Apache Spark is an execution engine that broadens the type of computing workloads Hadoop can handle, while also tuning the performance of the big data framework.
Hadoop specialist Cloudera recently announced that it will offer commercial support for Apache Spark, which is available as part of Cloudera's Hadoop-powered Enterprise Data Hub. But why should businesses care about Spark?
Apache Spark has numerous advantages over Hadoop's MapReduce execution engine, in both the speed with which it carries out batch processing jobs and the wider range of computing workloads it can handle.
Spark is able to execute batch-processing jobs between 10 to 100 times faster than the MapReduce engine according to Cloudera, primarily by reducing the number of writes and reads to disc.
"You have map and reduce tasks and after that there's a synchronisation barrier and you persist all of the data to disc," said Mark Grover, Hadoop engineer for Cloudera.
While this feature was designed to allow a job to be recovered in case of failure, "the side effect of that is that we weren't leveraging the memory of the cluster to the fullest", he said.

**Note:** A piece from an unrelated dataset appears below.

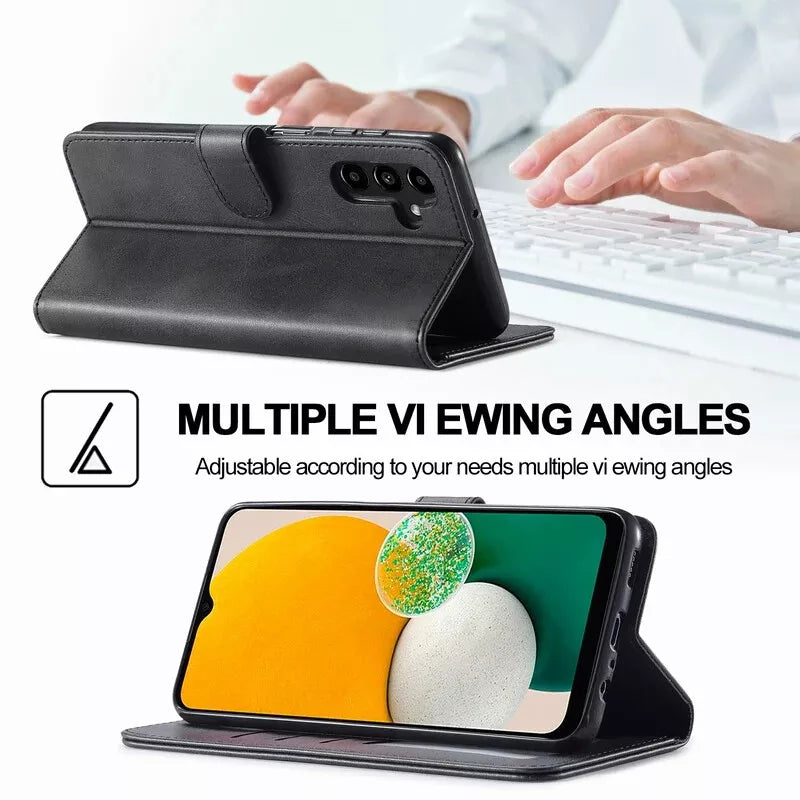 For Samsung Galaxy A16 Matte Wallet Flip Black Case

"What Spark really does really well is this concept of an Resilient Distributed Dataset (RDD), which allows you to transparently store data on memory and persist it to disc if it's needed.
"But there's no synchronisation barrier that's slowing you down. The usage of memory makes the system and the execution engine really fast."

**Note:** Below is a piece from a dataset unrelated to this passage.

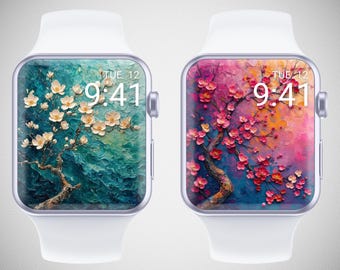 Cherry Blossom Apple Watch Wallpaper, 3D Oil Painting Watch Face, Spring Watch Face, Summer Watch Background, Vibrant Flower Aesthetic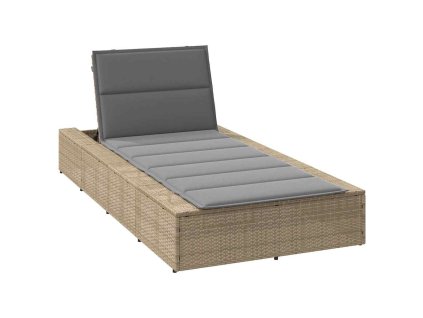 vidaXL Zahradní lehátko s plovoucím poduškou béžový polyratan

In a real world test of Spark's performance in batch Cloudera says a large Silicon Valley internet company saw a three times speed increase after porting a single MapReduce job implementing feature extraction in a model training pipeline.
The downside of data not always being copied to disc during jobs is that if multiple nodes go down the RDD whose computation failed needs to be recomputed from its parent RDDs, although Grover said the lost time is offset by each processing job taking less time on Spark than on MapReduce.
Real time stream processing
Rather than just processing a batch of stored data after the fact, as is the case with MapReduce, Spark can also manipulate data in real time using Spark Streaming.
This capability allows applications to pass data through a software function — for example, to carry out analytics, as it is collected.
As well as stream processing, Spark can also be used for graph processing, where relationships in data between entities, say people and objects, are mapped out. The Spark engine can also be used with existing machine learning code libraries, to allow machine learning to be carried out on data stored in Hadoop clusters.
Being able to carry out batch, streaming and machine learning on the same cluster of data can allow organisations to simplify the infrastructure they use for data processing.
Today, many companies use MapReduce to generate reports and answer historical queries, and deploy a separate system for stream processing to chart key metrics in real-time. This approach requires organisations to maintain and manage two different systems, as well as to develop applications for two different computation models.
Implementing both batch and stream processing on top of Spark could remove much of this complexity, and allow organisations to simplify deployment, maintenance and application development.
"Spark is one execution engine that you can use to leverage multiple different types of workloads," Grover said.
"So if you have interactions between two workloads they are all in the same process. It makes the management and the security of running such a workload very easy."
Grover gave the example of how Spark could be used on a streaming video website, to provide real-time and batch clickstream analysis to build customer profiles, as well as to run the machine learning algorithms powering the video recommendation engine.
Companies using Spark include Chinese search giant Baidu, local deal portal Groupon, security firm Trend Micro and Yahoo!.
A set of APIs for the Spark execution engine is available for Java, Python and Scala – which allows developers to write applications that can run on top of Spark in these languages. Spark can interface with data in the HDFS (Hadoop File System), the HBase Hadoop database, the Cassandra data store and several other storage layers.